As pharma organizations race to achieve digital transformation, the obstacle that most often stops them in their tracks isn’t the cost of compute, security concerns over AI, or even a lack of expert talent. It’s that the data they’ve invested hundreds of thousands, or even millions, of dollars to generate isn’t actually ready for AI.
To infer the mechanics of complex biological phenomena, AI models need to understand how outcomes differ across thousands of experimental conditions. However, the vast majority of biological data has historically been captured for a single, immediate purpose, scoped to a single experiment or a small handful of experiments. Because the experimental conditions are complex, and factors that later prove important are often considered trivial at the time of design, data is generally recorded in ways that prevent comparison outside that handful of experiments.
There are exceptions to this, of course, particularly among more platform-focused biotechs that invest heavily into building multi-modal, longitudinal datasets. But most pharma organizations have to prioritize progress towards shorter-term goals. As a result, they often find that years of investments in experimental data have barely moved the needle when it comes to leveraging AI.
But it doesn’t have to be this way. It is possible to meet immediate needs while ensuring that the collected data can also power AI models in the longer term. It just requires breaking a three-part vicious cycle made up of old habits, negative feedback, and unsuitable software.

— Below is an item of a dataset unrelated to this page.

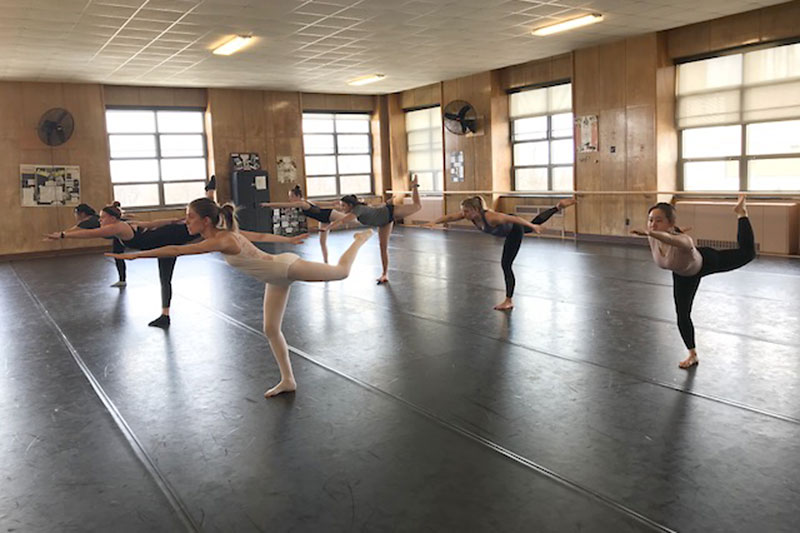 Students in a modern dance class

These old habits come from decades of biology in which most data was collected to answer a single, immediate question, then never used again. Because biology is driven more by exceptions than by rules, many scientists never even consider the possibility of using data from their highly specific, context-dependent experiments for other purposes. When combined with the high pressure and short deadlines of a modern pharma lab, it’s no wonder scientists prioritize answering urgent questions over building long-term data resources.

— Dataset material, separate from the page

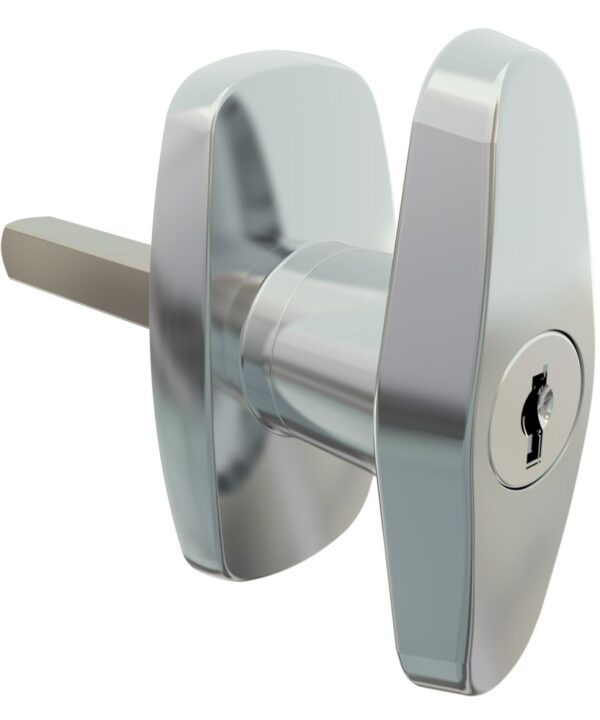 Southco Cam Latch Compact 'T' Handle, Hand Operated, Zinc Alloy, Chrome Plated, Polished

This is further reinforced by the contrast between past hype around data-driven biotech/pharma and the scarcity of examples where it has clearly worked. While examples are finally emerging, it has taken years longer than originally promised or implied. Moreover, most of these examples required years of sustained investment that is not available to most pharma companies.
Of course, this success has been so slow partially because the experts who initially made these promises didn’t realize how bad the existing data was. And as long as bench scientists continue to prioritize answering immediate questions over building long-term data assets, it won’t get any better.
In the middle of this vicious cycle between bench scientists’ existing habits and the lack of examples to motivate them to change, is the one thing that organizations actually have direct control over: The software that bench scientists use to collect information about experiments, including conditions and other context.
This software, particularly Electronic Lab Notebooks (ELNs) and Laboratory Information Management Systems (LIMS), has primarily been designed around bench scientists’ preferred workflows and habits. So most ELNs and LIMS have been built to collect the context and conditions of experiments in a form that prioritizes answering immediate questions: They provide the flexibility to quickly capture data in a way that can be interpreted on its own or in conjunction with a handful of other experiments. But they don’t encourage the consistency and detail required to build long-term data assets.
Sapio, on the other hand, has built a unified platform that ensures consistent, AI-ready data while still fitting into bench scientists’ workflows and habits. Because Sapio started from a world-class data analysis platform, we designed ELN and LIMS components to capture AI-ready data from day one. In particular, Sapio’s Scientific Data Integration Solution, Jarvis, allows users to capture more detailed data, then use Sapio’s Science Aware AI, ELaiN, to leverage it through scientific AI agents, driving complex R&D workflows without increasing cognitive overhead.
It won’t be easy for most pharma companies to break the vicious cycle and create the organizational change needed to enable true digital transformation. But without the right software, it will be virtually impossible. These organizations need data platforms specifically designed for the unique needs of both biology and AI. And Sapio has been leading the way for years.